Aim of the task: Show every line of the data below that includes the word "Office".

Source information:
........

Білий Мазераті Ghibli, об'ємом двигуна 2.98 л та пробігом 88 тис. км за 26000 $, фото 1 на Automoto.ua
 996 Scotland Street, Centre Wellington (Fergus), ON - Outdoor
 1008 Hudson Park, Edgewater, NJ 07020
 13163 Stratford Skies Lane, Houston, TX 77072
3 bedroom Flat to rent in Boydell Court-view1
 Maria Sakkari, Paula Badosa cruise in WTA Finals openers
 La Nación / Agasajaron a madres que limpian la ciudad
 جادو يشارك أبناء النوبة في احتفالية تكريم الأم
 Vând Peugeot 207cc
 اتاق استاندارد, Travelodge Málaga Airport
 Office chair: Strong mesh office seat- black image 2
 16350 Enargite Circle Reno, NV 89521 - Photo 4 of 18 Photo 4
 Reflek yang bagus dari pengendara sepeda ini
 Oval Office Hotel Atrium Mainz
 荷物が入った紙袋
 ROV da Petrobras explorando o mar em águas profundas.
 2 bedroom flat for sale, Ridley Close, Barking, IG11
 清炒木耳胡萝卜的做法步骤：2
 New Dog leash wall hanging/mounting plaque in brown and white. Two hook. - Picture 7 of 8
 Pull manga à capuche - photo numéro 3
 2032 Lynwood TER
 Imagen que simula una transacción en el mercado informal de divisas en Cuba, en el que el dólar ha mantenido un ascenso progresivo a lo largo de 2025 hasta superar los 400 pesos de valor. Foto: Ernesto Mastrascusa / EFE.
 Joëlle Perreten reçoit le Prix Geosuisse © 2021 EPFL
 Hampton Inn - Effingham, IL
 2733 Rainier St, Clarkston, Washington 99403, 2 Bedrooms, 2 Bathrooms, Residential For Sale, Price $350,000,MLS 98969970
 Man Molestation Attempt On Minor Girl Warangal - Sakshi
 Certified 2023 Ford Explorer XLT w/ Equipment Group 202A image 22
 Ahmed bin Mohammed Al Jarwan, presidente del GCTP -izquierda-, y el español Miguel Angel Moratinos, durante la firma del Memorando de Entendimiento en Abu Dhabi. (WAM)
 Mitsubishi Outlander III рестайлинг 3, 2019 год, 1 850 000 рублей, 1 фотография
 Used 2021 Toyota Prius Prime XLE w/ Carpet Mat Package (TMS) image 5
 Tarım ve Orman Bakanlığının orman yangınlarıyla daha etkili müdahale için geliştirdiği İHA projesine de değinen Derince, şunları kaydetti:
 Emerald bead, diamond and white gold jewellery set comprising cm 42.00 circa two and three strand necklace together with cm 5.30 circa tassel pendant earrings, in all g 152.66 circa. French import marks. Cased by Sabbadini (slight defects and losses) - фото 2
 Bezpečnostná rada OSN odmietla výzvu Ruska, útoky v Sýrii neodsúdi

........

Task response:
 Office chair: Strong mesh office seat- black image 2
 Oval Office Hotel Atrium Mainz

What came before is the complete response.